Keep the board update what you think about that kit. I am in the same boat as you trying to feed my 480. I have been watching the board trying to get info too. I was thinking about that kit also because it has almost everything to start. Have fun and keep us posted

05 December 2002, 09:21
Paul H
Start scrounging wheelweights, I try and get 5 gallon buckets full, which yield ~100#'s of ingots.

Straight wheelweights make great bullets.

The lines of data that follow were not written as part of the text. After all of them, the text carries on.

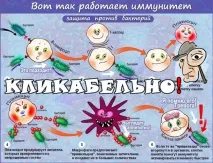 ПІДВИЩЕННЯ ІМУНІТЕТУ ЗАГАЛЬНИЙ І НАБУТИЙ ІМУНІТЕТ, ГІГІЄНА, ХАРЧУВАННЯ, ТРЕНУВАННЯ ТА ЛІКИ підвищення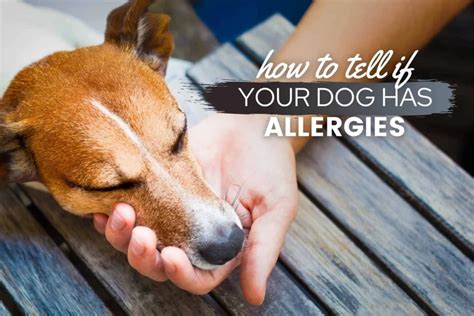 Common Signs and Symptoms of Sensitivities in Dogs: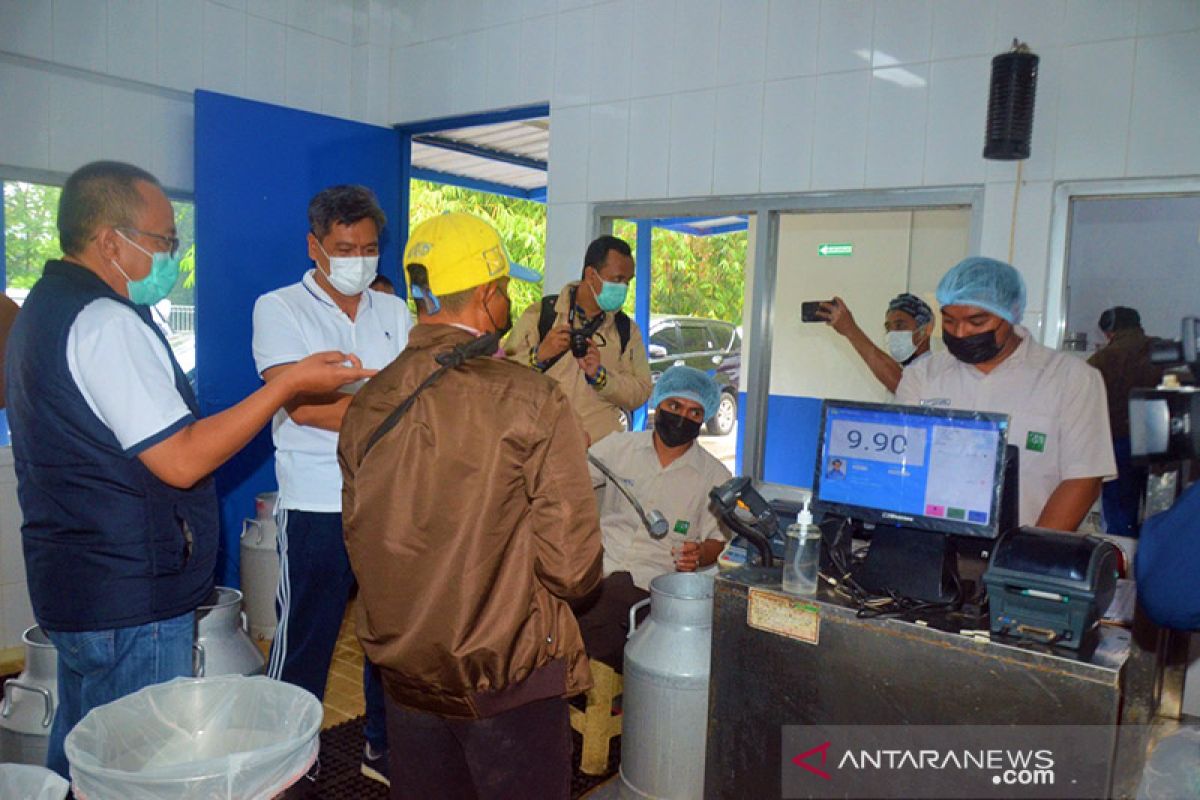 Bantu peternak, Kemenperin beri stimulus bangun Milk Collecting Point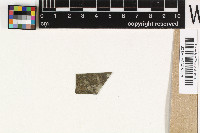 Stigmidium porinae image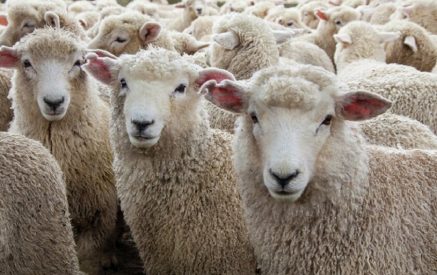 Азербайджанцы вернули овец, похищенных с пастбища населенного пункта Аравус. Panorama.am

I think the biggest problem with new casters is they don't cast hot enough.
05 December 2002, 12:38
i started looking 12-3-wed,second place i asked they gave me about 70lb wheel weights [Big Grin] i went by one place today got 40-50lb [Wink] thanks be to GOD.i will keep looking,i ordered (3) moulds 460gc-425gc-305pb from ballisti-cast,the 460 they modify one of there moulds. thanks all
05 December 2002, 14:33
Paul H
I think I was the first to have them cut the WFN extra deep to make it a 460 gr gc, and its a good one. Keep scrounging lead, that 460 gr mold really gobbles it up [Big Grin]
07 December 2002, 03:46
<Ben H>
Like Paul H said, most new casters don't cast hot enough and straight wheel-weights work great and is all I use. If you drop them into cold water directly from the mold, you will have a very hard bullet.

I also prefer ladle casting to my RCBS bottom pour pot as I get better fill-out with my original LBT molds.

Two excellent books on the subject are LYMAN'S CAST BULLET HANDBOOK and Veral Smith's JACKETED PERFORMANCE WITH CAST BULLETS that may be purchased from the web-site.

Welcome to the hobby and may you enjoy making your own as much as I do. Remember, keep scrounging the wheel weights.........

Ben H
07 December 2002, 09:01
i have both books coming, lyman book comes w/the kit.i'm up to 200lb wheel weights will keep looking thanks,sean h
07 December 2002, 10:29
For a beginning caster a couple of cautions: 1 Alwasys WEAR SAFTEY GLASSES and GLOVES 2. Beware of water. Any mositure in the melted lead and it errupts. I put an ingot into my pot that had been sitting in an unheated garage when it was about 10 degrees; the result was the same as pouring water in. It was memorable.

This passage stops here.